Making the Sabbath Work” August 25, 2019

“Making the Sabbath Work”

Jeremiah 1:4-10

Hebrews 12:18-29

Luke 13:10-17


Does anyone remember the movie called “A Funny Thing Happened on the Way to the Forum”? It was based on the 1962 Broadway hit by the same name. I never had the chance to see it, but I do remember that Stephen Sondheim wrote the music and lyrics and it had an all-star cast. It was a situation comedy involving slaves and kings and senators in ancient Rome. But even though I never saw “A Funny Thing..” I remember it because it became such a common expression. Everyone had their own take on this catchy phrase: “A funny thing happened on the way to the grocery store,” or, “A funny thing happened on the way to the airport” – these might be stories that I could blab about today. But it is the gospel text from Luke that made me think of this. In a way, the story of “healing of the Sabbath” could fall under the category of “A funny thing happened on the way to the temple.”

In fact, we could say that to be true about the bulk of Jesus’ ministry, because it seems like whenever he showed up, things happened that got people’s attention. (vs 10) reads Jesus was teaching in one of the synagogues on the Sabbath. Not a big deal, right? I mean, in those days there were priests and such assigned to the temple, but just about anyone could get up and read to the congregation. There wasn’t a designated “preacher,” you could say. Bu these speakers were under the watchful eye of the chief priest. It was understood that everyone knew the rules and you don’t break the rules. The rest of the story you have just heard: Jesus spotted a woman bent over with what was probably advanced   rheumatoid arthritis. He had compassion for her – which Jesus seemed to do a lot – he healed her, and that’s when the trouble began. (vs 14) The synagogue leader, incensed that Jesus had healed on the Sabbath, responded, ‘There are 6 days in which work is permitted. Come and be healed on those days, not on the Sabbath.’ Now, on a side note, I find it amazing that this dude considers the act of miraculous healing a form of work in the first place, but Jesus goes along with it. He explains to them what a bunch of phonies they are for saying such a thing because they technically do “work” on the Sabbath all the time. The priest doesn’t have much to say and the people in the temple are tickled pink. And so, the story ends, a point is made, and a lesson is learned.

That really should be the end of it, but the beauty of the gospels and what makes them fascinating is the fact that too often the answers we find will almost always lead us to a different question. This time around, I ran into the question of, “What is the Sabbath and what does it have to do with Sundays and going to church? It got me to thinking about this thing called the Sabbath and made me realize that I don’t give it a whole lot of thought. Is it just another one of the commandments that seems to have just gotten lost somehow? I’m afraid so.
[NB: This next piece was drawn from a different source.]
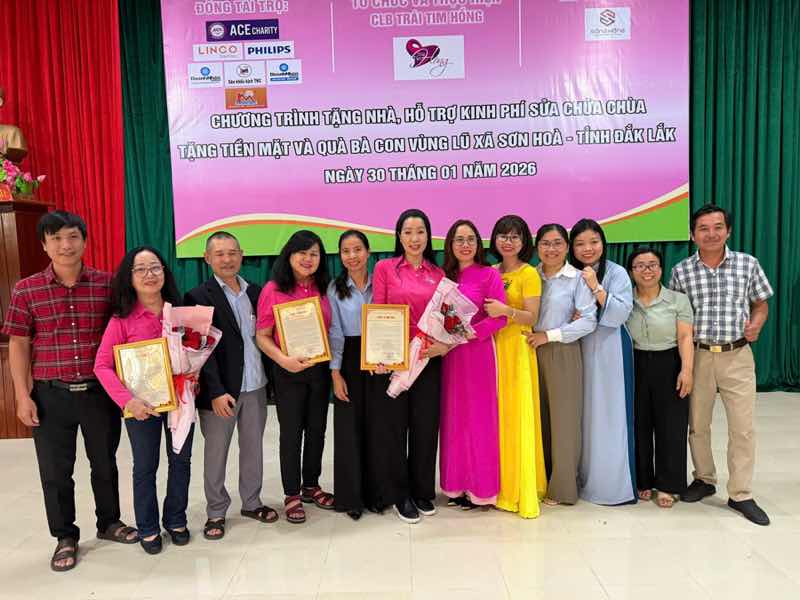 1z.989.nsnd-trinh-kim-chi-thien-nguyen-truyen-thong-spotlight-vietnam-21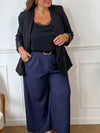 Ce pantalon bleu coupe droite grande taille pour femme est l'élégance incarnée. Avec sa matière fluide, il offre un confort optimal et sa coupe droite flatteuse convient à toutes les morphologies. L'élastique au dos garantit un ajustement parfait et les passants pour ceinture sont pratiques. Ajoutez-y un style sophistiqué avec ses deux poches latérales.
It’s true – let’s face it, the Sabbath isn’t a word that gets kicked around much anymore. Some folks take a sabbatical, usually from academic teaching or long term pastoring. Come to think of it, the only folks I have heard use the word have been pastors; saying things like, “No, I can’t do that on Monday, it’s my Sabbath.” And maybe they have something there. Because the Sabbath goes beyond taking a day off – it is a day of rest, sure; but it’s a day to be dedicated to the Lord. My first thought is “that’s easier said than done.” But what if? What if we were able to get into this ancient habit not because we’re supposed to, but because we want to? What if we found real and genuine healing and peace through the practice of spending on day a week seeking to be in the presence of God? Now I’m just laying this idea out there…but what if. I’d like to close with the words of Isaiah that made the idea of a Sabbath sound like a discipline that could turn our world around. (Is 58:13-14)

If you stop trampling the Sabbath,
stop doing whatever you want on my holy day,
and consider the Sabbath a delight,
sacred to the Lord, honored,
and honor it instead of doing things your way,
seeking what you want and doing business as usual,
14     then you will take delight in the Lord.
I will let you ride on the heights of the earth;
I will sustain you with the heritage of your ancestor Jacob.
The mouth of the Lord has spoken.

Then you will take delight in the Lord. Isn’t that what we all want? So, my thoughts today are let’s consider this thing called the Sabbath. Let’s consider what it might mean to us in our journey of faith. I think we will find that honoring the Sabbath is not the same thing as going to church once a week. Let’s make the Sabbath work. Let’s make the Sabbath work, because I have a feeling once we start, it’s the kind of work that we won’t be able to get enough of.